Ces manœuvres avaient entraîné automatiquement une erreur de la part des collectionneurs, erreur qui avait été déterminante de leur consentement, « l’authenticité de l’oeuvre importait avant son aspect esthétique » selon la Cour. Le dol est donc caractérisé, la nullité prononcée et les parties sont, par le biais du jeu des restitutions réciproques, remises dans l’état antérieur à la conclusion du contrat.

Le refus de l’indemnisation du préjudice résultant de la perte de valeur du bien
La caractérisation du dol permet en outre aux acquéreurs de demander réparation de leur préjudice direct, certain et légitime, sur le fondement délictuelle. Toutefois, la juridiction refuse de réparer le préjudice financier calculé à partir de la valeur potentielle d’une oeuvre authentique de Hans Coper, « dont la valeur hypothétique est tributaire des aléas du marché des œuvres d’art » puis qu’il n’est pas direct. En revanche, la Cour alloue aux époux la somme de 2.000 euros en réparation du préjudice moral résultant du fait d’avoir été trompés et « du sentiment d’avoir perdu une pièce de collection ».

Alors que certains professionnels du monde de l’art présentent parfois allègrement les précédents propriétaires des œuvres dans un but commercial, la Cour d’appel de Rennes vient sanctionner durement un antiquaire qui avait sciemment occulté une transaction intermédiaire et favorisé une provenance prestigieuse. Il revient donc aux marchands d’art, galeristes, antiquaires ou brocanteurs, de veiller à être le plus précis et sincères possibles dans les descriptions opérées afin d’éviter toute mauvaise surprise, notamment une condamnation complémentaire au titre du dol. Le pedigree d’une œuvre doit refléter fidèlement l’histoire de l’objet. Et si l’erreur spontanée n’emporte que la nullité, l’omission sciemment réalisée emporte, quant à elle, une réparation pécuniaire complémentaire.

Article écrit par Me Simon Rolin, Avocat Collaborateur

Dans le cadre de son activité dédiée au droit de l'art et du marché de l'art, le Cabinet assiste régulièrement les professionnels du secteur (marchands, antiquaires, brocanteurs, commissaires-priseurs) face aux réclamations réalisées par leurs acheteurs. Avocats en droit de l’art et en droit du marché de l’art, nous intervenons également en matière de droit des contrats, de droit de la responsabilité, de droit de la vente aux enchères publiques pour l’ensemble de nos clients, aussi bien à Paris que sur l’ensemble du territoire français et en Belgique (Bruxelles).

[1] CA Rennes, ch. 2, 15 mai 2019, RG no 16/09739.

[2] Décret no 1981-255 du 3 mars 1981 sur la répression des fraudes en matière de transactions d’œuvres d’art et d’objets de collection, JO 20 mars 1981, p. 825.

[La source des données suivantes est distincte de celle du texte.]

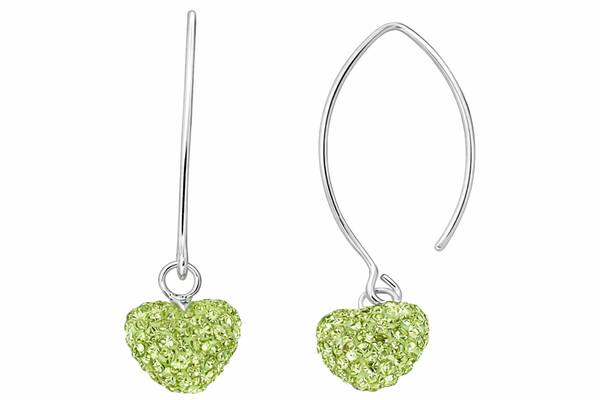Yellow Crystal Heart Drop Sterling Silver Earrings - Romantic Dangle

[3] Décret du 3 mars 1981, article 3, alinéa 1er : « A moins qu'elle ne soit accompagnée d'une réserve expresse sur l'authenticité, l'indication qu'une oeuvre ou un objet porte la signature ou l'estampille d'un artiste entraîne la garantie que l'artiste mentionné en est effectivement l'auteur. »

[4] Cass. civ. 1re, 9 avr. 2014, no 13-24.772.